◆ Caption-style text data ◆
□ □ □
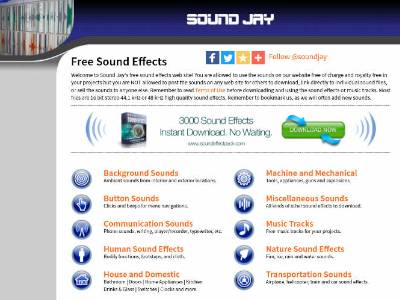 Sound Jay免费可商用Sound Effects音乐、音效下载网站封面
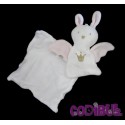 BERLINGOT doudou lapin blanc rose mouchoir couronne
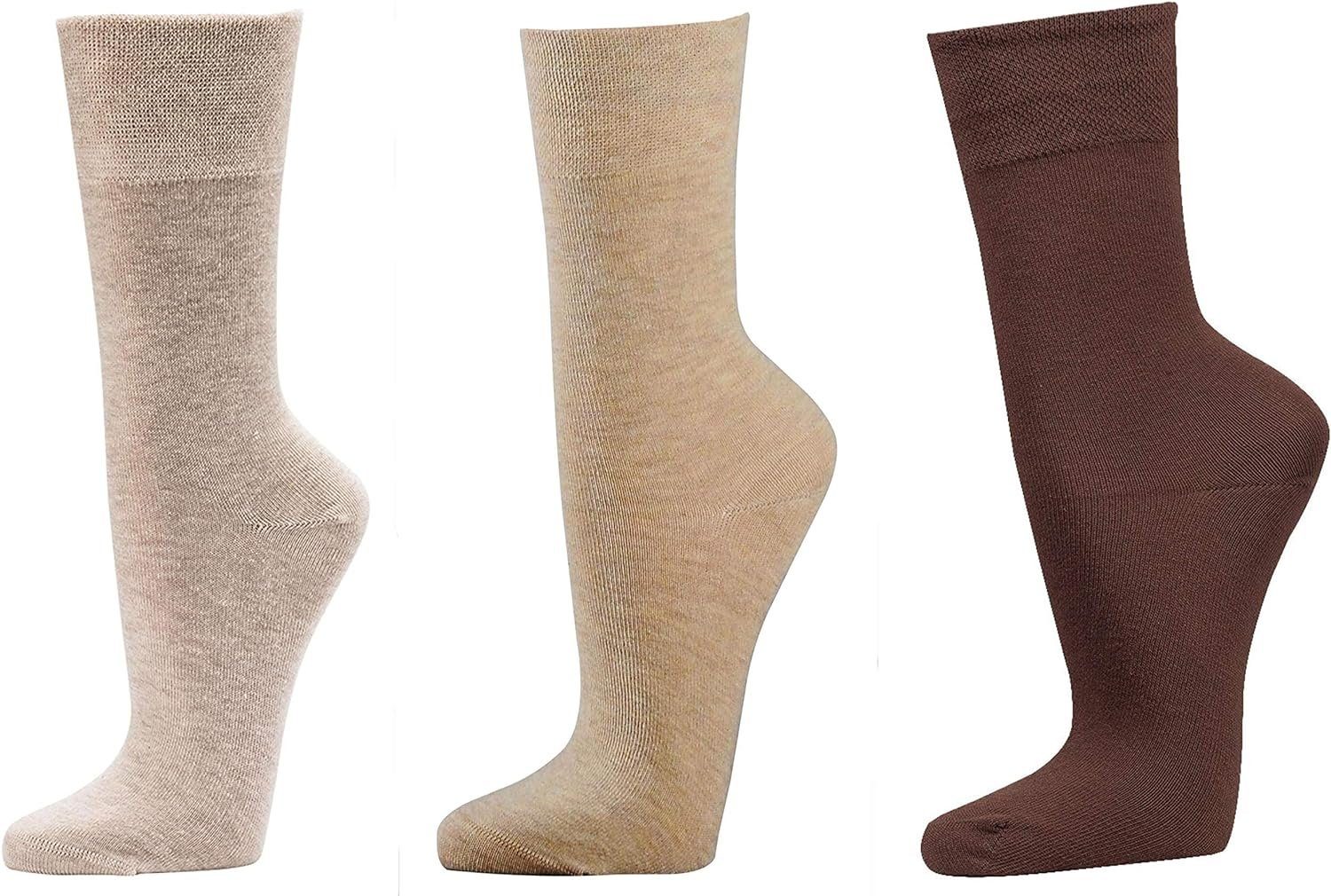 TippTexx 24 Businesssocken 3 Paar Socken GROßE GRÖßEN für GROßE Männer mit Antiloch-Garantie Natur/Camel/Braun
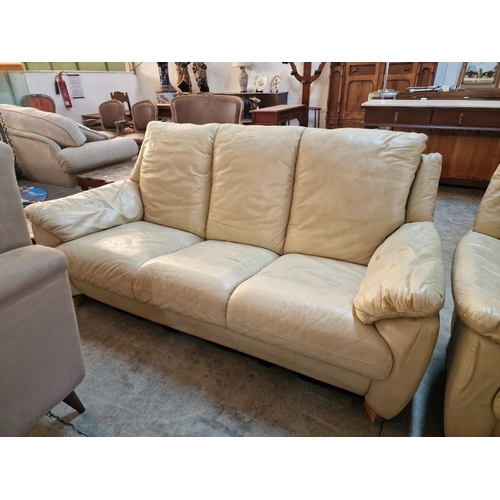 266 - 3 Seat and 2 Seat Cream Colour Leather Sofas, Made in Italy, (2)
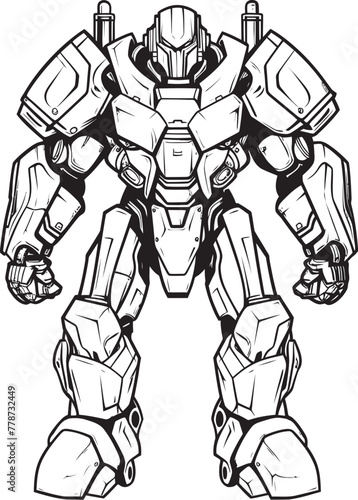 Wallpaper Mural Macha Warrior Chronicles Sci Fi Vector Logo Design Techno Ronin Revolt Mech Warrior Icon in Space Torontodigital.ca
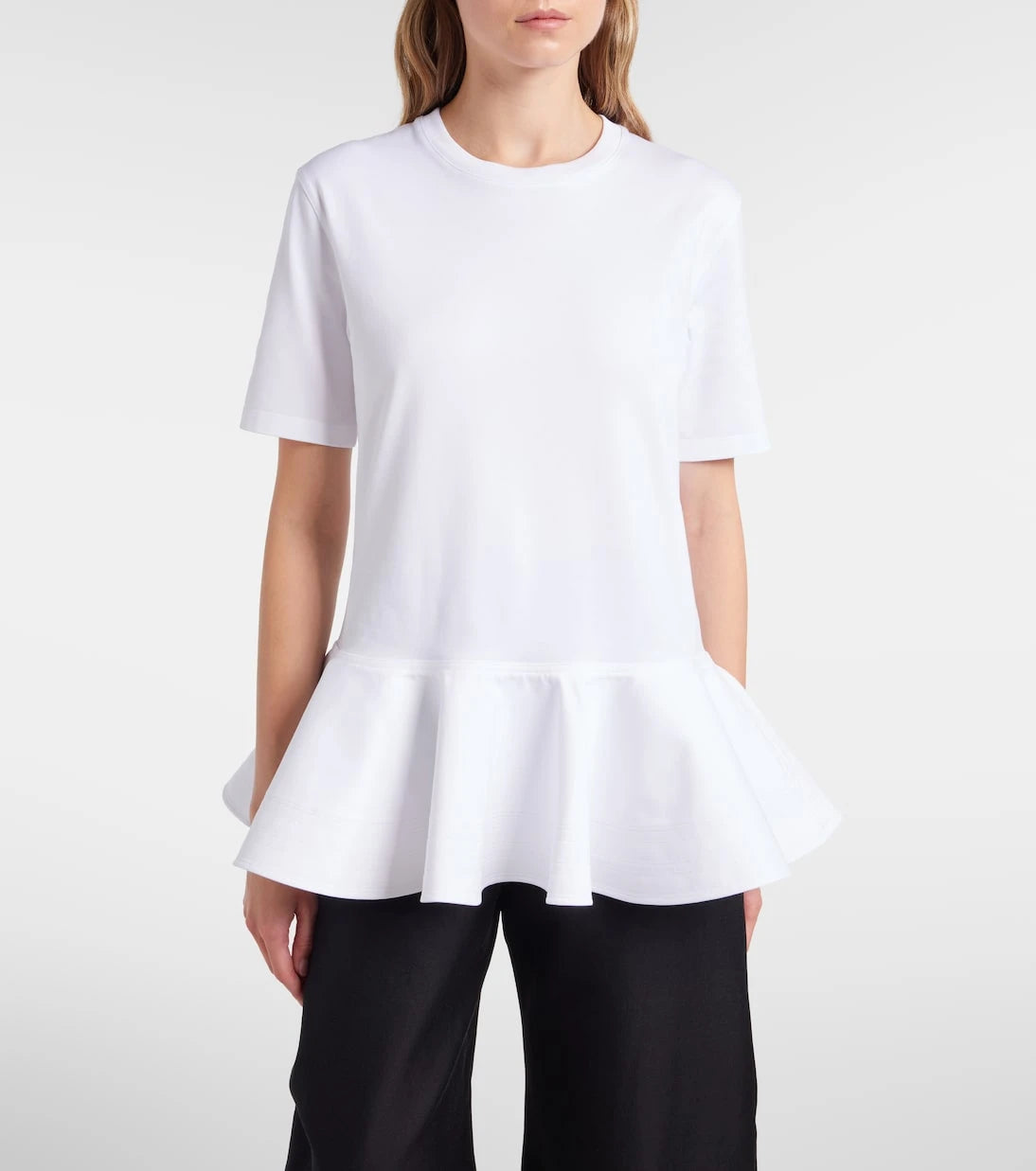 Alaïa - Peplum cotton jersey T-shirt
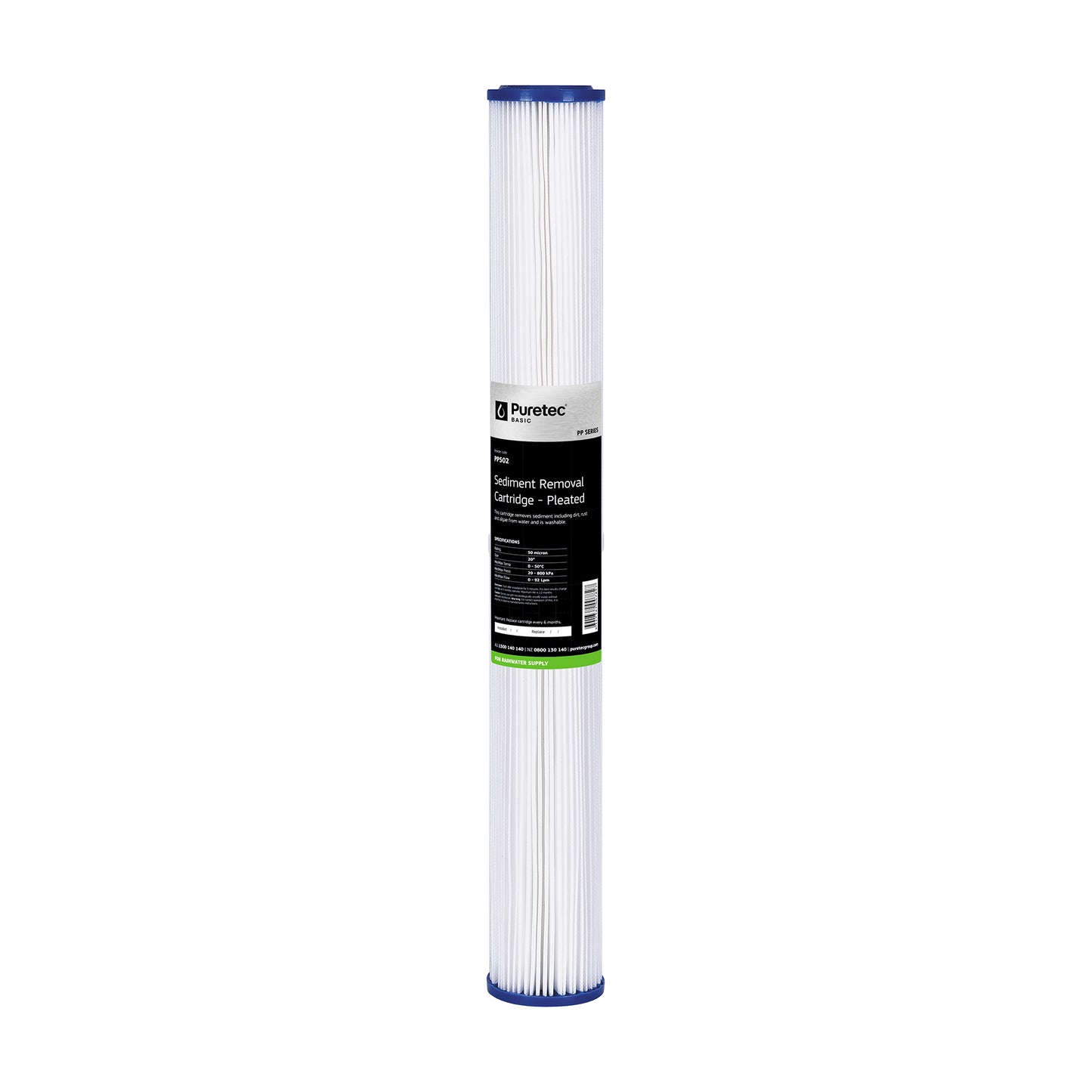 Puretec PP502 Pleated Sediment Cartridge, 20 inch, 50um, on white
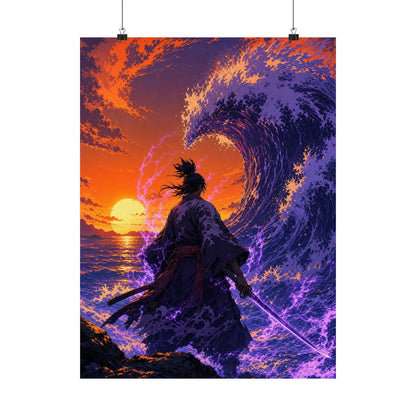 Samurai Facing Giant Wave - Anime Manga Art Print (Matte Poster) - Moikas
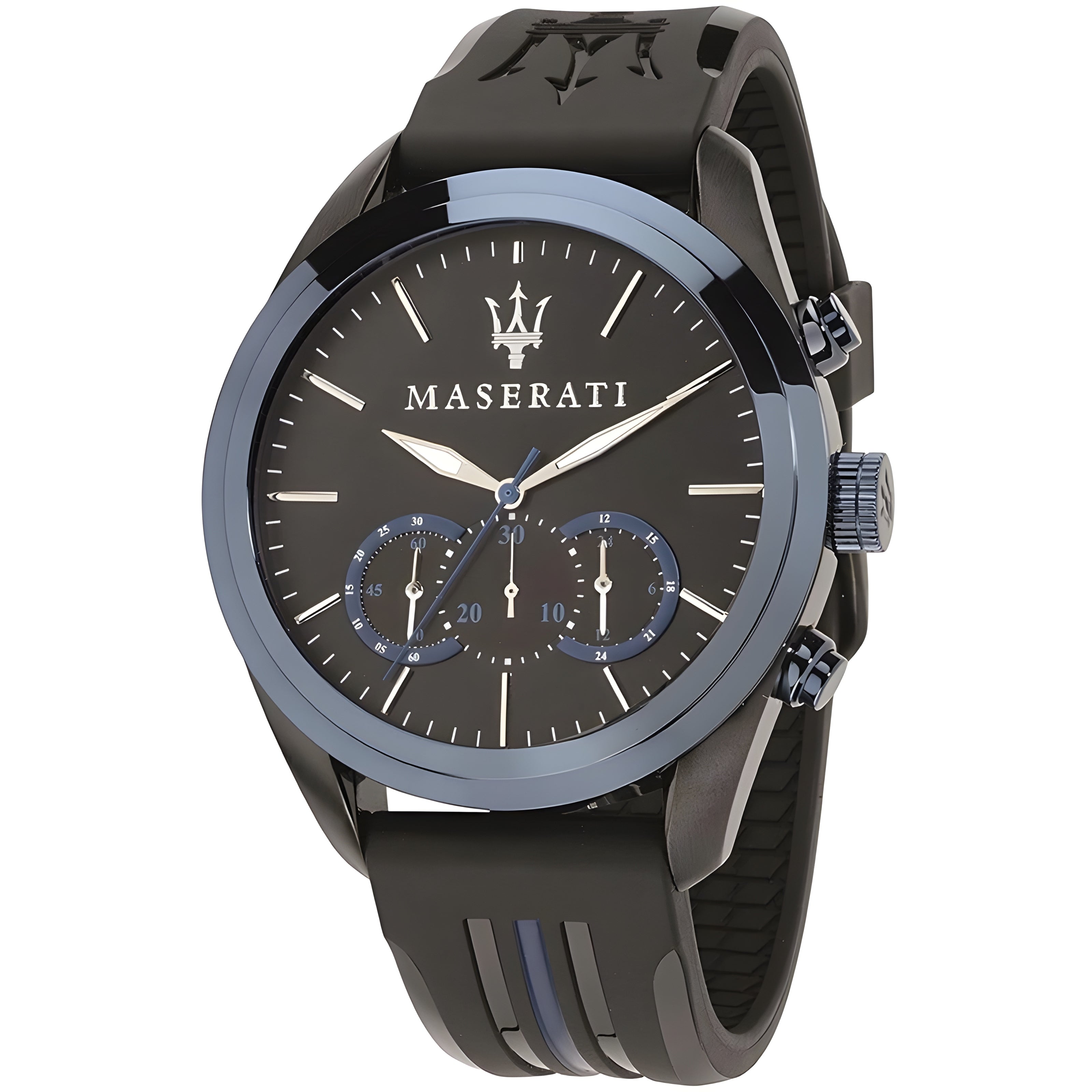 Maserati Traguardo Sports Blue Dial Black Rubber Strap Watch For Men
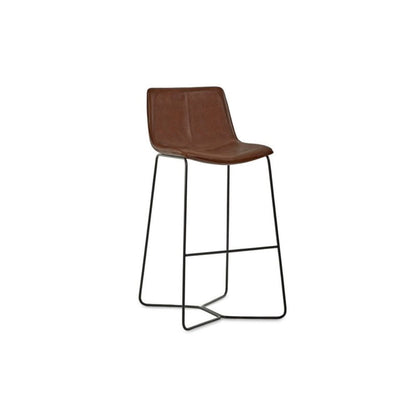 Joren Tan Brown PU Leather Bar Stools (Set of 2)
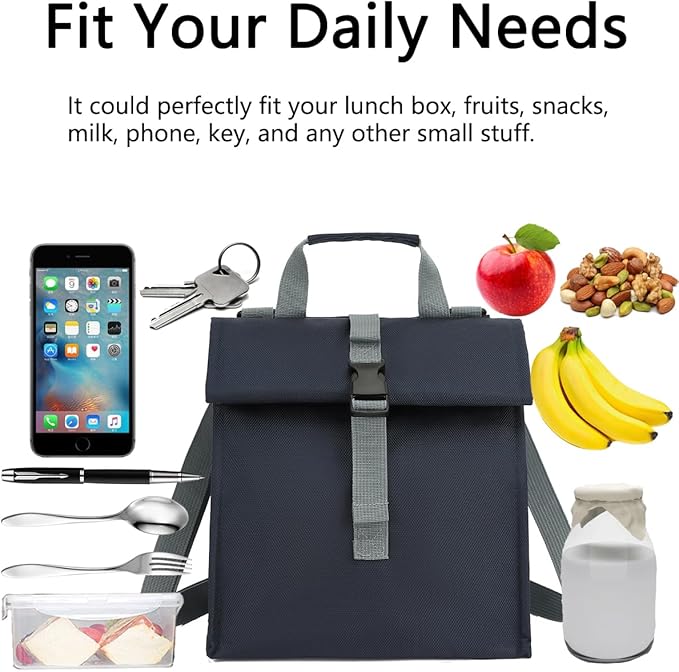 Insulated Lunch Bag for Men/Women,Roll top Reusable Lunch Box with Adjustable Shoulder Strap,Thermal Lunch Cooler Tote Container for Adults Work Office Picnic,Cyan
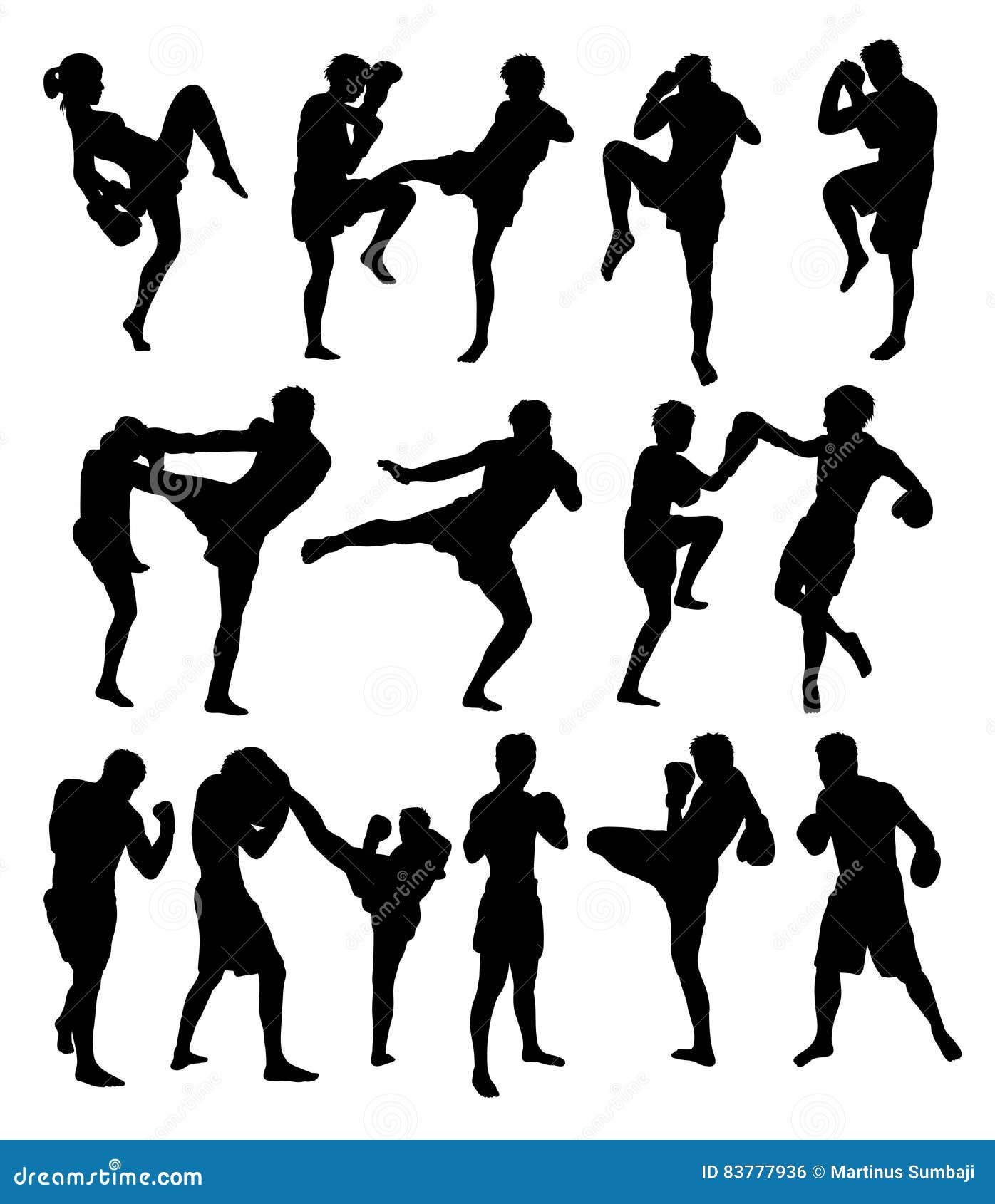 Muay Thai or Kickboxing Silhouettes Stock Vector - Illustration of mascot,  active: 83777936, image size:1396x1690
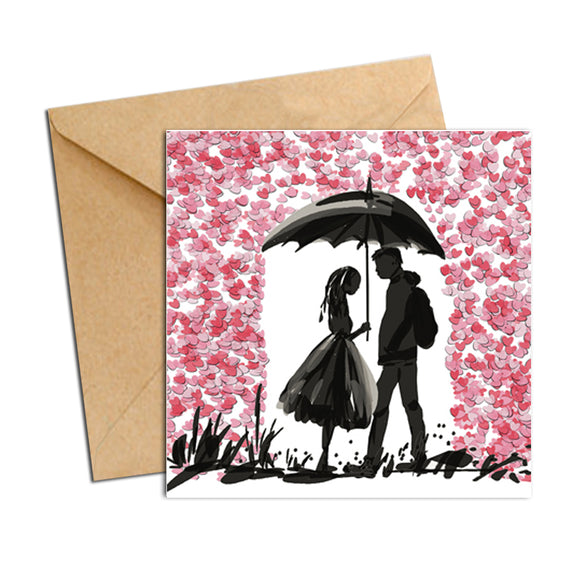 Card - Heart Confetti Girl and Boy in Rain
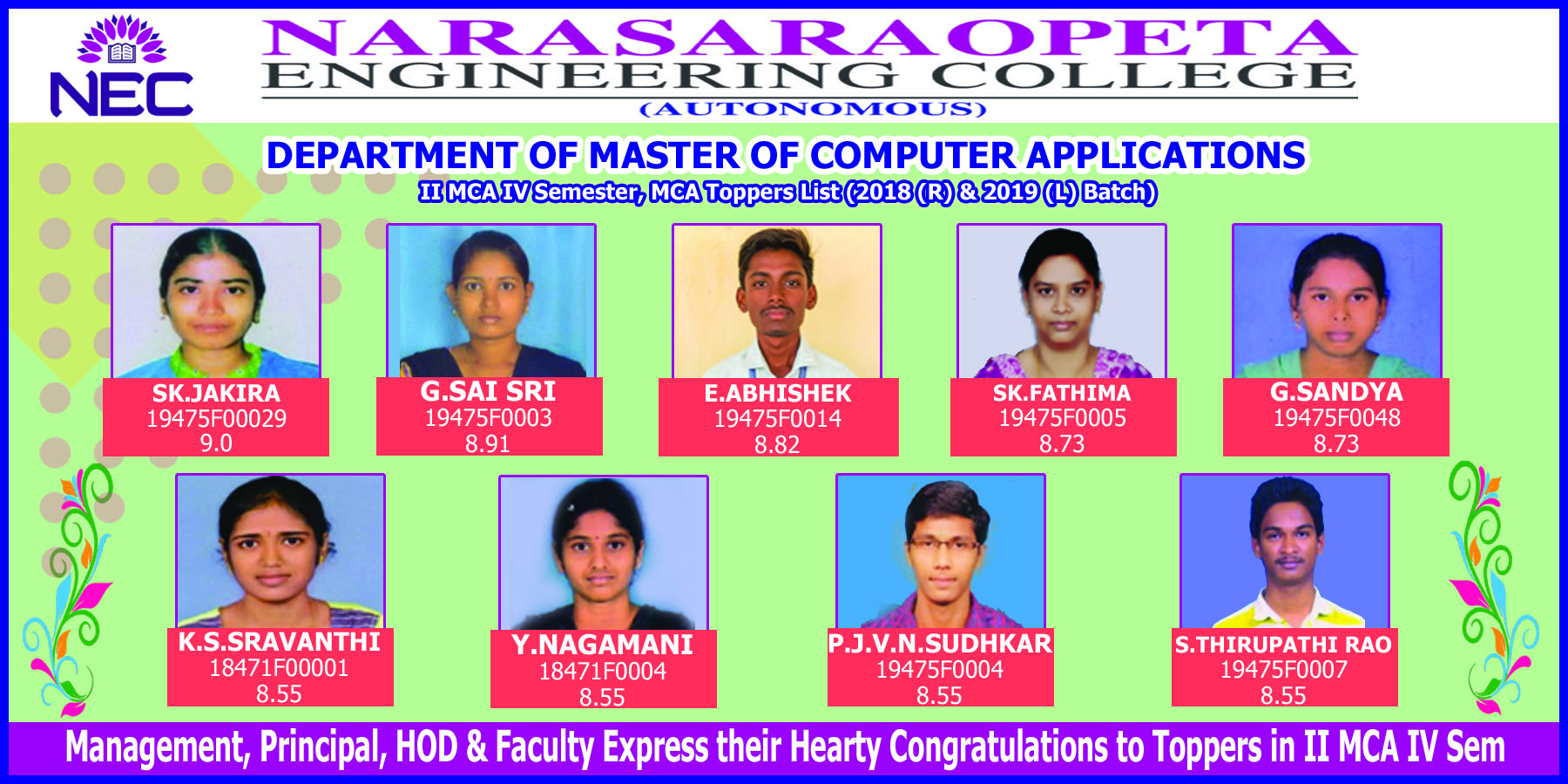 MCA Student Toppers Narasaraopeta Engineering College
□ □ □
◆ Exercise aim ◆
The lines to be quoted run from the line containing "BERLINGOT doudou lapin" through the end of the entries above, both included; quote them exactly and leave out any pictures.

◆ Completed task ◆
 BERLINGOT doudou lapin blanc rose mouchoir couronne
 TippTexx 24 Businesssocken 3 Paar Socken GROßE GRÖßEN für GROßE Männer mit Antiloch-Garantie Natur/Camel/Braun
 266 - 3 Seat and 2 Seat Cream Colour Leather Sofas, Made in Italy, (2)
 Wallpaper Mural Macha Warrior Chronicles Sci Fi Vector Logo Design Techno Ronin Revolt Mech Warrior Icon in Space Torontodigital.ca
 Alaïa - Peplum cotton jersey T-shirt
 Puretec PP502 Pleated Sediment Cartridge, 20 inch, 50um, on white
 Samurai Facing Giant Wave - Anime Manga Art Print (Matte Poster) - Moikas
 Maserati Traguardo Sports Blue Dial Black Rubber Strap Watch For Men
 Joren Tan Brown PU Leather Bar Stools (Set of 2)
 Insulated Lunch Bag for Men/Women,Roll top Reusable Lunch Box with Adjustable Shoulder Strap,Thermal Lunch Cooler Tote Container for Adults Work Office Picnic,Cyan
 Muay Thai or Kickboxing Silhouettes Stock Vector - Illustration of mascot,  active: 83777936, image size:1396x1690
 Card - Heart Confetti Girl and Boy in Rain
 MCA Student Toppers Narasaraopeta Engineering College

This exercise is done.